Pictures with short captions:
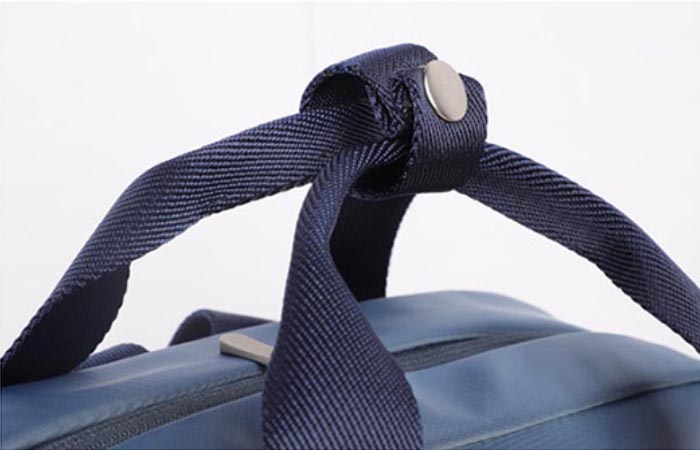 礼品背包定制,箱包厂家,双肩背包定制,学生书包,双肩背包厂家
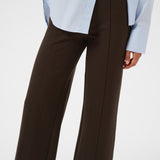Ilissa Pant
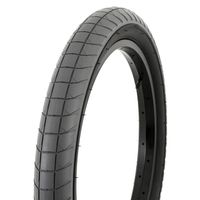 fly fuego tyre dark grey and black wall  23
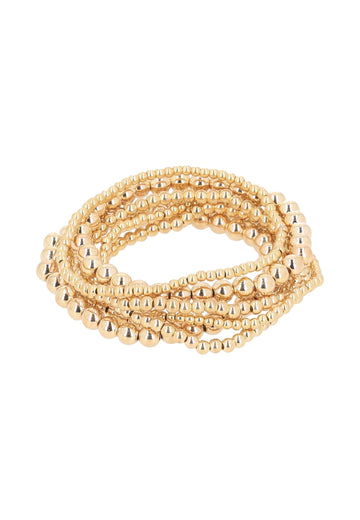 faina Bracelet Set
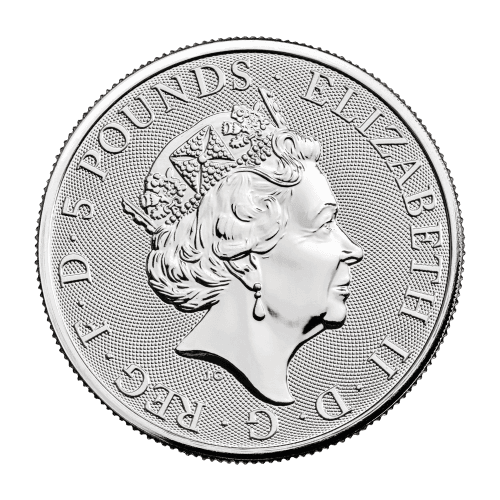 https://static.bullionmatch.com/silvergoldbull-canada--pp-8815-2.png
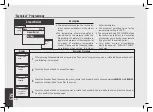 Предварительный просмотр 68 страницы La Marzocco LEVA S Manual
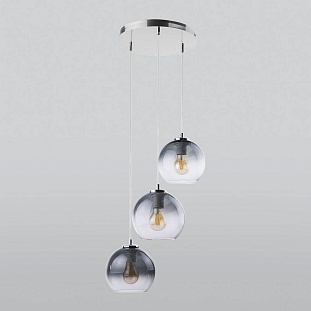Подвес TK LIGHTING SANTINO 2795 Santino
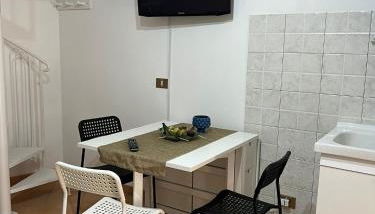 La Chiocciola - Casa vacanze - Foto 4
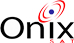 Onix SAT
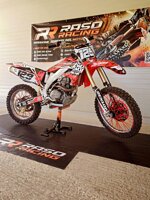 honda-crf-450cc-anno-2004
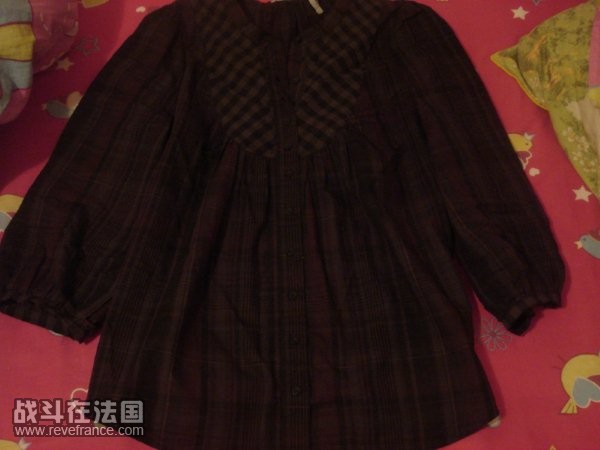 KOOKAI紫格衬衣.jpg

* _WHAT TO PRODUCE_
Leaving aside the images, write out every entry above exactly.

* _EXPECTED ANSWER_
 礼品背包定制,箱包厂家,双肩背包定制,学生书包,双肩背包厂家
Ilissa Pant
 fly fuego tyre dark grey and black wall  23
 faina Bracelet Set
 https://static.bullionmatch.com/silvergoldbull-canada--pp-8815-2.png
 Предварительный просмотр 68 страницы La Marzocco LEVA S Manual
Подвес TK LIGHTING SANTINO 2795 Santino
 La Chiocciola - Casa vacanze - Foto 4
 Onix SAT
 honda-crf-450cc-anno-2004
 KOOKAI紫格衬衣.jpg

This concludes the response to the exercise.